Student researchers wanted to document Japanese-CHamoru family histories
A new research project being led by University of Guam President Emeritus Robert A. Underwood and sponsored by local businessman Hidenobu “George” Takagi of Takagi & Associates Inc. will document the immigration of 20 Japanese men to Guam prior to World War II and the histories and legacies of the Japanese-CHamoru families they started here.
Titled the Japan Issei Project — issei being a Japanese term for first-generation immigrants — the project will identify 20 student researchers through an application and review process to research and write on a Japanese-CHamoru family of their choosing. Research will be conducted by consulting elders in the family, documentary materials, and the UOG Micronesian Area Research Center.
In the early part of the 20th century, many Japanese men came to Guam to start new lives. Most became Catholic, married CHamoru women, and worked in different kinds of jobs or started businesses.

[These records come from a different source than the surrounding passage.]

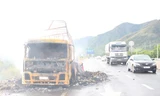 Xe tải bất ngờ bốc cháy, hơn 2.000 thùng mì tôm thành tro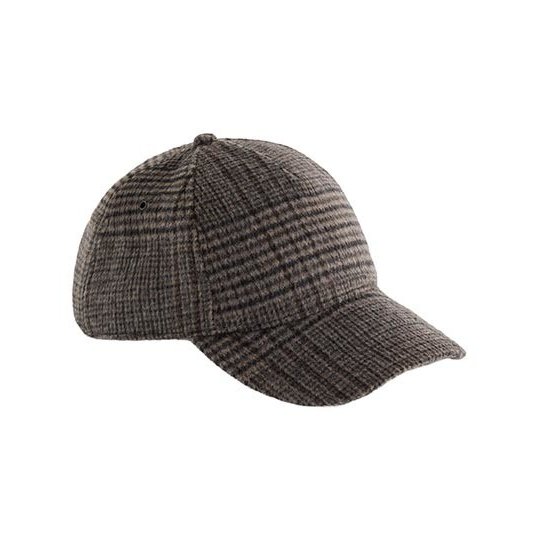 Wool Blend Check Cap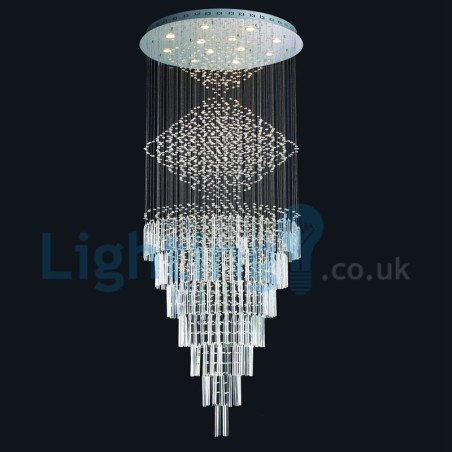 Lampadario a sospensione moderno in cristallo a goccia 100 x 100 x 250 cm 12 LED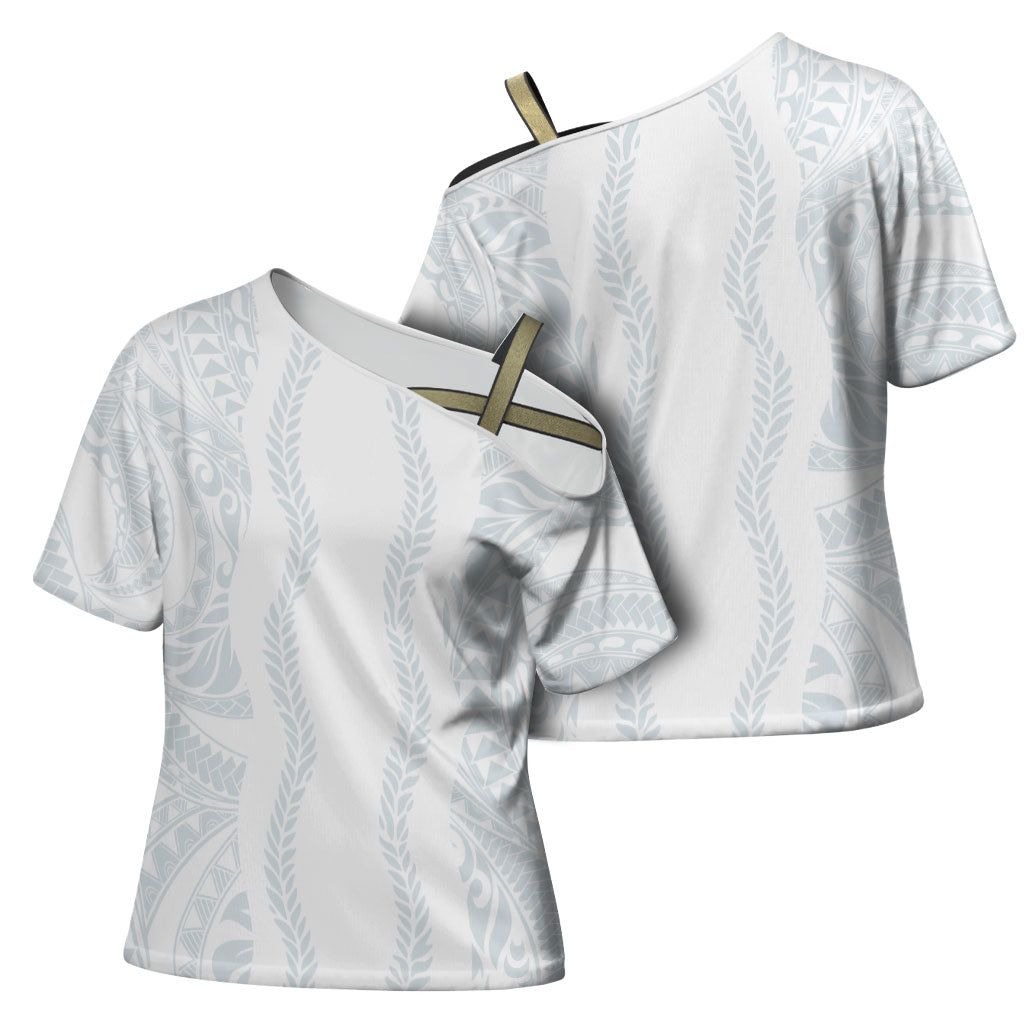 Samoa Lotu Tamaiti Cross Shoulder Shirt Teuila With Tribal Motifs LT05 - Polynesian Pride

Many of their offspring became political, educational, and business leaders, and their family names remain prominent and recognizable in Guam society today, including Okada, Tanaka, Shinohara, Shimizu, Ishizaki, and Sayama.
“They were widely respected for their work ethic and their ability to become immersed in the cultural life of the CHamoru people while contributing to the growth of the island,” the project description states. “The stories of these men and their families provide the background for some of the most interesting turns of history in Guam. […] most of the stories were about survival and triumph in the most difficult circumstances as families struggled to live through the occupation and its aftermath.”
The research of each family will include details of the original Japanese immigrant to Guam, their place of origin in Japan, and reason for coming to Guam; the names of their spouse, children, and grandchildren; their work and experience in Guam before and during the war; their post-World War II experience; and their family’s legacy and contributions to the society of Guam.
Underwood will lead the project with assistance from UOG Associate Professor of History Michael Clement and Asako Takagi Araw, vice president of Takagi and Associates.
Students attending the University of Guam, Guam Community College, or any other post-secondary institution are encouraged to apply to research and write a family’s history for this project, in particular students who are descendants of or otherwise connected to Japanese-CHamoru families and those who have demonstrated research skills. Students will receive $750 for their completed work.